満足度★★★★★
静謐な愛の物語
思った通り、春風ひとみさんの出演が、この作品を成功作に導いていました。
春風さんが、舞台に登場した途端、舞台が波打ち、みるみる気持ちが引き込まれて行くのがわかり、二人が心を通い合わせて行く気持ちに寄り添いながら、最後まで、見守ることができました。
日本人では、なかなか口にしないようなストレートな愛情表現も、加藤さんと春風さんの口から発せられると、なんの違和感もなく、素直に感情移入できて、清々しい気持ちになりました。
取り立てて、センセイショナルな物語進行ではないので、春風さんでなく、演出が鵜山さんでなければ、これ程、感動的な舞台に形成するのは、難しい題材だったかもしれません。
それに、ストーリーに重要な役どころの子役さんが、本当にいい演技をされて、お二人の名演に水を注さなかったのが、救いでした。

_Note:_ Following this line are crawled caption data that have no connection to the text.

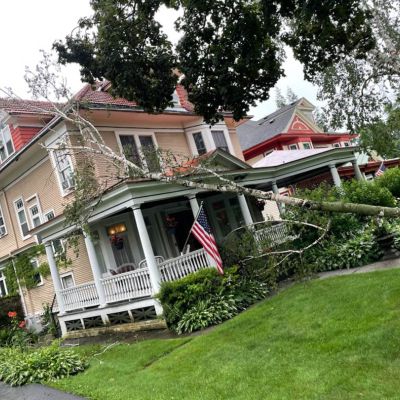 Emergency tree service operation site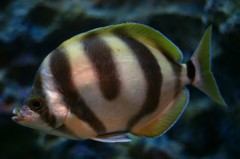 10233622636900042500_rdgworurla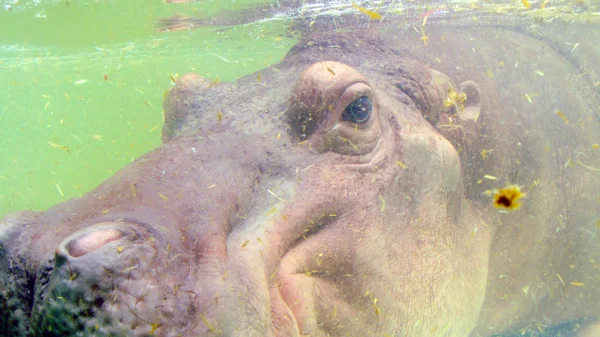 Strzał Hipopotam Pływanie Pod Wodą — Zdjęcie stockowe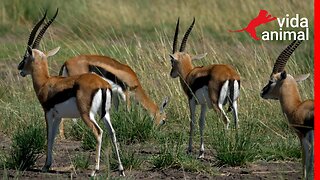 GAZELAS DE THOMSON PASTANDO NA SAVANA AFRICANA - VIDA ANIMAL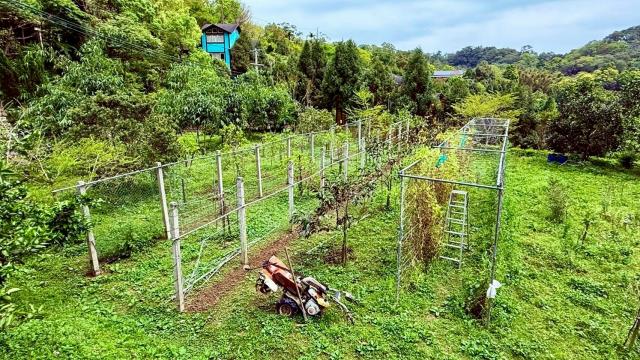 新竹峨眉農地-13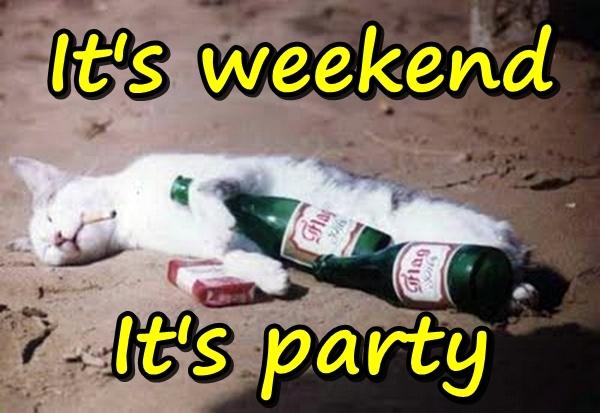 It's weekend, it's party  (3668)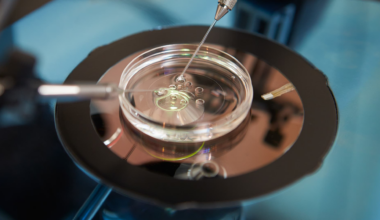 Elin Wiker: Vitrolife kan få nytt liv – köp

主人公の、神に対する思いが、彼女との関係を通して、微妙に変化して行く様子も、静かな流れの中で丁寧に描かれ、主人公の思いを、観客が追体験できるような上質な舞台でした。
若かりし頃、ズートルビの一員として、バラエティタレントだった新井さんが、中年になって、得がたい役者さんになられたことも、感慨深く拝見しました。
「ナルニア国物語」、読んでみたくなりました。